Use the the division algorithm and the fact that $I= (\alpha)$

Question

Prove that the quotient ring $Z[i]/I$ is finite for any non zero ideal $I$ of $Z[i]$.

Answer 1

$ℤ[i]$ is euclidean, and especially a principal ideal domain, so any ideal $I$ can be written as $I = ℤ[i]x$ for some $x ∈ ℤ[i]$. It’s also an integral domain, so the multiplication with $x$ yields an isomorphism $ℤ[i] \cong I$, so $I$ is a free $ℤ$-module of rank $2$.

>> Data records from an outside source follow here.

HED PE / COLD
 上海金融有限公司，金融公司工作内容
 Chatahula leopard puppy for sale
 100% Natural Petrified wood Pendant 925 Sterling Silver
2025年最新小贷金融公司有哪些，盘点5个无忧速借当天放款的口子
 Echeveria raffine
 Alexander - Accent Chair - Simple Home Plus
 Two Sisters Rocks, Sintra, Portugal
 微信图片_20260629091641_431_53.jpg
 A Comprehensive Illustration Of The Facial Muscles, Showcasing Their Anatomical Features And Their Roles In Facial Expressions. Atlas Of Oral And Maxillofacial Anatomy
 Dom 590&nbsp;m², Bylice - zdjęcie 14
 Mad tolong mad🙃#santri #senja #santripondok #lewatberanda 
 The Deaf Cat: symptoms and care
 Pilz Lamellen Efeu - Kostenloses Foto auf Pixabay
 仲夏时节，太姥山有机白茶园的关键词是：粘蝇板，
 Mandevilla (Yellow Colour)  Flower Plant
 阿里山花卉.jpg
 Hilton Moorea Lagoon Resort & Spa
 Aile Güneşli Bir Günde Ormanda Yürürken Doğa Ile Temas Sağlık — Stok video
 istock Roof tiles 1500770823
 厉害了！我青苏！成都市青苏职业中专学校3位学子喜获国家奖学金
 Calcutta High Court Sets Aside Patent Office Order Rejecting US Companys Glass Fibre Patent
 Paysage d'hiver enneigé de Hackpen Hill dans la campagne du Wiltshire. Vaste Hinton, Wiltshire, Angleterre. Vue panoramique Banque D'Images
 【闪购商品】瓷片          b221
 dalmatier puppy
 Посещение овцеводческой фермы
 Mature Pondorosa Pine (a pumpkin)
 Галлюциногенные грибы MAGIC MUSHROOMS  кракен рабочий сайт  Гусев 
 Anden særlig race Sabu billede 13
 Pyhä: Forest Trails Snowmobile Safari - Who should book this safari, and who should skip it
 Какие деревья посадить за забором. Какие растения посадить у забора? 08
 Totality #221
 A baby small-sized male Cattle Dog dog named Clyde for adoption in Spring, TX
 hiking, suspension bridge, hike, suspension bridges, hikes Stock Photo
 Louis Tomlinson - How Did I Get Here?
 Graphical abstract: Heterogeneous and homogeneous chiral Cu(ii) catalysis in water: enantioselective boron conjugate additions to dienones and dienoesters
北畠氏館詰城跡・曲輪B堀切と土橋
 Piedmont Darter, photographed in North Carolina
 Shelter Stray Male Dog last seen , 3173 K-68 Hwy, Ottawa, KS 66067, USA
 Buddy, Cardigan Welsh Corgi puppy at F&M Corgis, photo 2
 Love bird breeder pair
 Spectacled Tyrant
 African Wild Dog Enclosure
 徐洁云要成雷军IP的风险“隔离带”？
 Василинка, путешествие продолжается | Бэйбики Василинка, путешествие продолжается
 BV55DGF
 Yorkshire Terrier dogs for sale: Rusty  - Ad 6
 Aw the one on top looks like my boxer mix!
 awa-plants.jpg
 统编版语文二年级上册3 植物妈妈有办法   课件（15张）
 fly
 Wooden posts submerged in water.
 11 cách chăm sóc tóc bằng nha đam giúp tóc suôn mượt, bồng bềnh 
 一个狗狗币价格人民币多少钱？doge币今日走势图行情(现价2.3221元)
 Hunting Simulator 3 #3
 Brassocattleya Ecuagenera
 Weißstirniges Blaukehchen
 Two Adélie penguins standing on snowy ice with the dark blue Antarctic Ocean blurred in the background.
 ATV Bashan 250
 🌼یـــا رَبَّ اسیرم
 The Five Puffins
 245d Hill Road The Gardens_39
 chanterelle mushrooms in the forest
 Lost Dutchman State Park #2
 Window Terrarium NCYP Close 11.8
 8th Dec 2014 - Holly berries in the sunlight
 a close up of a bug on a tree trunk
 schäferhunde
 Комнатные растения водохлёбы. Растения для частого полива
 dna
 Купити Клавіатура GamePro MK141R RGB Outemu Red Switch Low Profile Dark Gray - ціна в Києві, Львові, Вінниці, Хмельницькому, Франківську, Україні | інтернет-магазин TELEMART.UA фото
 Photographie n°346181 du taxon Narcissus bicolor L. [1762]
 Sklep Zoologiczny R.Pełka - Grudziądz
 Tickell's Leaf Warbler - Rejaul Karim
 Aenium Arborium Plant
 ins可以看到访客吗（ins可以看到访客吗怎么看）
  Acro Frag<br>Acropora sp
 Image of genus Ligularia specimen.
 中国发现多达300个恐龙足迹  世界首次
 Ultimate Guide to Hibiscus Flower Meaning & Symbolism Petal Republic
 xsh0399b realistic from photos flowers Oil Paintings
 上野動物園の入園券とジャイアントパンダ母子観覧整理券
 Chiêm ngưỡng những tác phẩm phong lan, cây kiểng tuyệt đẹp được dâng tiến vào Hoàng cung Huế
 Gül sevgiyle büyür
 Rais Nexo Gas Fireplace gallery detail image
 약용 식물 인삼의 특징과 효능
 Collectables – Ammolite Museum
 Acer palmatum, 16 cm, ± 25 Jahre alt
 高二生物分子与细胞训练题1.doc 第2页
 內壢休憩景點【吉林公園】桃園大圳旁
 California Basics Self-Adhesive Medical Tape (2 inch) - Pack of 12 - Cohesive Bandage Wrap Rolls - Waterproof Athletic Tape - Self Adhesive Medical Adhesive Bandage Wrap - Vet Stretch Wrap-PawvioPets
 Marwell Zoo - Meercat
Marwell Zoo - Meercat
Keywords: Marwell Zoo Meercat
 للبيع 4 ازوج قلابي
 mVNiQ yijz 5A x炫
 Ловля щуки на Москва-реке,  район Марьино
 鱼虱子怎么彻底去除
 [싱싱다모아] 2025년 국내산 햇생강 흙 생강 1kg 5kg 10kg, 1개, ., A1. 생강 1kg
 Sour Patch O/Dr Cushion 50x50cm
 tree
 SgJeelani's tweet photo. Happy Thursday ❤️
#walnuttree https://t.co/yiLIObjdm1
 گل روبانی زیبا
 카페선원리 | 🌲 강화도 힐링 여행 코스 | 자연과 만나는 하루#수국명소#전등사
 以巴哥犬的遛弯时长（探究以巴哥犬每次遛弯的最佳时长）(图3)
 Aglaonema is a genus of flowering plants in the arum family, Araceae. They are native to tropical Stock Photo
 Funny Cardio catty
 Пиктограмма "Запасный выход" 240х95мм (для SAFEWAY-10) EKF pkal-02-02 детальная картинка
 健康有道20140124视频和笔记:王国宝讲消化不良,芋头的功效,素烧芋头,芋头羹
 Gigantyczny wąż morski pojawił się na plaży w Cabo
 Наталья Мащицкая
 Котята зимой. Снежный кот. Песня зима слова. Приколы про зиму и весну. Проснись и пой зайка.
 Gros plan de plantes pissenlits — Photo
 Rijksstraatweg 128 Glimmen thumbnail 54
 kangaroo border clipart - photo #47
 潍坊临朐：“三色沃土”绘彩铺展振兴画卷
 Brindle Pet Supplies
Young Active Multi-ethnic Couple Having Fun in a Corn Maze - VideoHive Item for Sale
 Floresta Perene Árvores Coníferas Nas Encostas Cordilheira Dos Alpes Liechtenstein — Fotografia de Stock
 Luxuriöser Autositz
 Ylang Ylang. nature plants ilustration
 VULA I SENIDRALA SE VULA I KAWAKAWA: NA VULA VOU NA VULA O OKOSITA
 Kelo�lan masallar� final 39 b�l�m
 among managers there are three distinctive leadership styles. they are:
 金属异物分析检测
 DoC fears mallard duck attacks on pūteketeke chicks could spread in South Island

By the structure theorem of finitely generated abelian groups, there is a $ℤ$-basis $x_1, x_2$ of $ℤ[i]$ and divisors $d_1 \mid d_2$, such that $d_1x_1, d_2x_2$ is a $ℤ$-basis of $I$. By the above, deduce $d_1 ≠ 0$ and $d_2 ≠ 0$. What does this imply about $ℤ[i]/I$?

Answer 2

Here is a geometric way to think of it. I is nonzero so has some nonzero element $a+bi$. I is an ideal, so $i(a+bi)=ai-b \in I$. Think of I as a lattice in $\mathbb{C}$, so $a+bi$ is some nonzero vector and multiplication by $i$ acts as rotation by $\frac{\pi}{2}$, so that $v:=a+bi$, and $w:=ai-b$ are $\mathbb{Z}$-linearly independent elements of I. Then the 2-dimensional lattice $\mathbb{Z}v + \mathbb{Z}w$ is a subset of $I$ and the quotient $\mathbb{Z}[i]/I$ has at most the number of elements in a fundamental domain for that lattice, which is some square with a vertex at the origin and rotated by the angle of $a+bi$. In particular, it is a bounded region with finitely many points.

Answer 3

$ I\neq 0\,$ so there is a $\,0\neq \alpha\in I,\,$ so an integer $\,0\neq n=\alpha\bar\alpha\in I.\ $ Thus, $ $ mod $\,I\!:\ n\equiv 0\ $ so $\ a+bi\,\equiv\, \bar a + \bar b i,\,$ for $\,\bar x = x\ {\rm mod}\ n.\,$ But there are at most $\,n^2\,$ such $\,\bar a + \bar b i$.